Caption-style text data
══════════

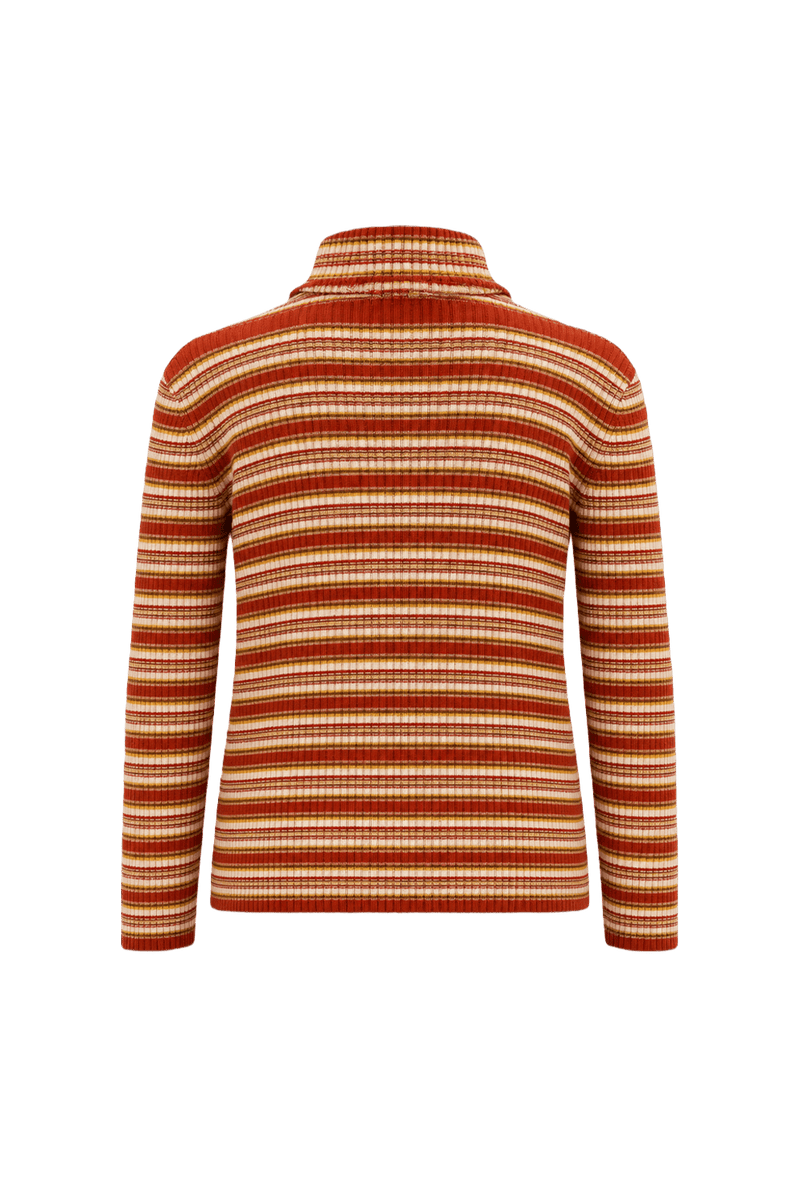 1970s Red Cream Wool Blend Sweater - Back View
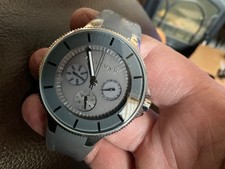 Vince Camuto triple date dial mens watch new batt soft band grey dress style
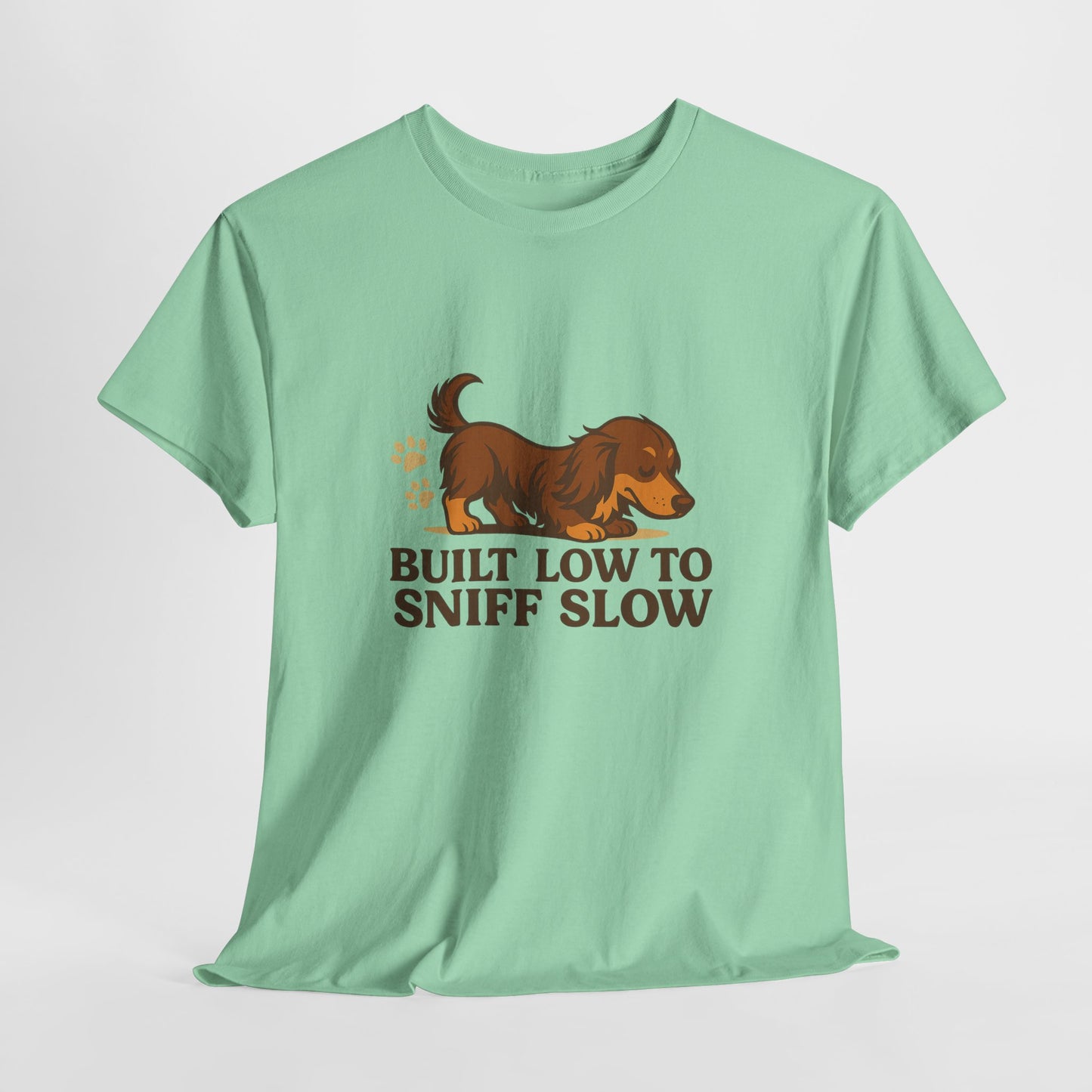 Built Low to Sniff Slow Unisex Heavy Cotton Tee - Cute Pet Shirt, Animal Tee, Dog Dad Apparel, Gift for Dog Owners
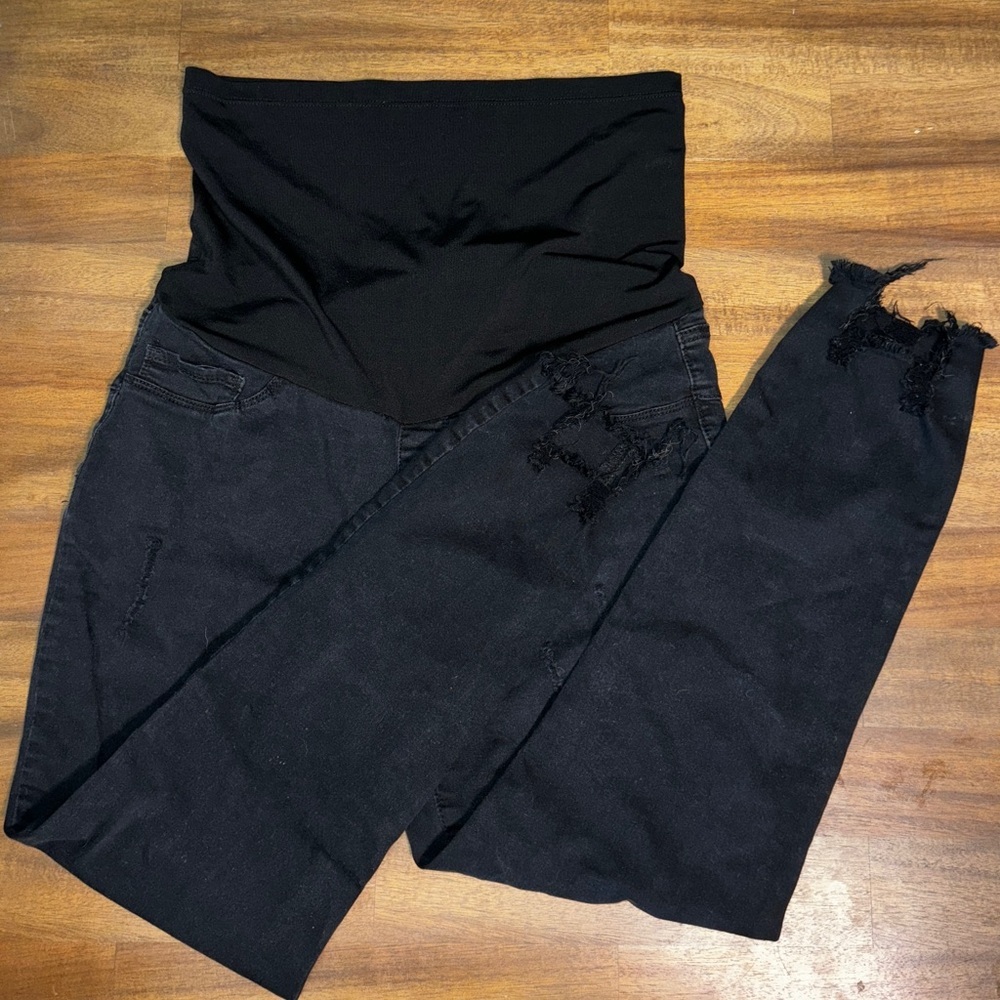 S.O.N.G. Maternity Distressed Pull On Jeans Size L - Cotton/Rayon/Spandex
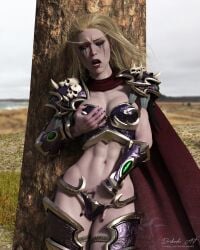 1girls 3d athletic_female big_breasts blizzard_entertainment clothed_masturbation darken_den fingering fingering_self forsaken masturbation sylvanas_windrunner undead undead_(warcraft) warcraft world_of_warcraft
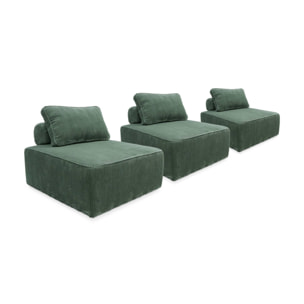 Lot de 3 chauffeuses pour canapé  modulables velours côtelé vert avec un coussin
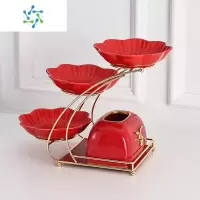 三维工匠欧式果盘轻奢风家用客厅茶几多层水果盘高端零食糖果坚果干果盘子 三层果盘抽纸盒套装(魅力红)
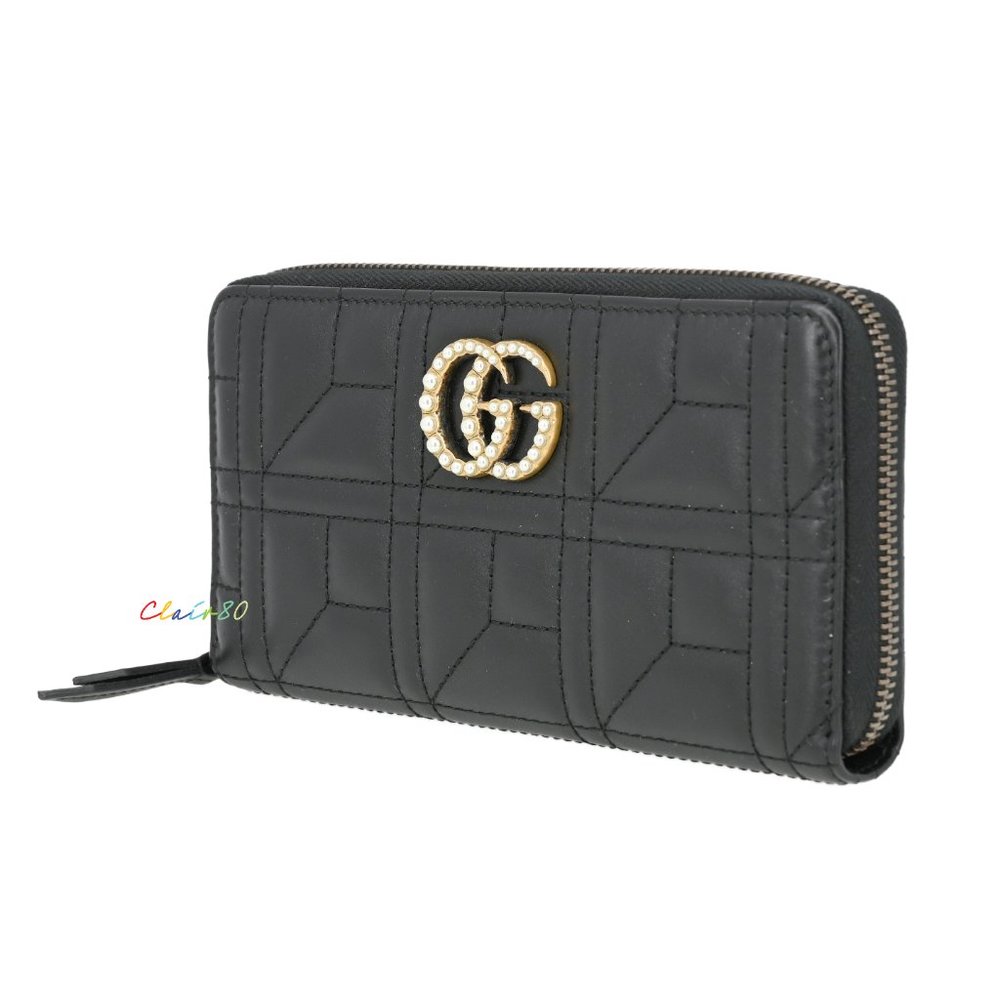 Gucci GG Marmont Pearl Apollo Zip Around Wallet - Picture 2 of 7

══════════

■ What you should do:
Print the lines from the beginning of the records up to and including the line containing "三维工匠欧式果盘轻奢风家用客", word for word, with no pictures.

■ Solution to this task:
 1970s Red Cream Wool Blend Sweater - Back View
 Vince Camuto triple date dial mens watch new batt soft band grey dress style
 Built Low to Sniff Slow Unisex Heavy Cotton Tee - Cute Pet Shirt, Animal Tee, Dog Dad Apparel, Gift for Dog Owners
 S.O.N.G. Maternity Distressed Pull On Jeans Size L - Cotton/Rayon/Spandex
 1girls 3d athletic_female big_breasts blizzard_entertainment clothed_masturbation darken_den fingering fingering_self forsaken masturbation sylvanas_windrunner undead undead_(warcraft) warcraft world_of_warcraft
 Lot de 3 chauffeuses pour canapé  modulables velours côtelé vert avec un coussin
 三维工匠欧式果盘轻奢风家用客厅茶几多层水果盘高端零食糖果坚果干果盘子 三层果盘抽纸盒套装(魅力红)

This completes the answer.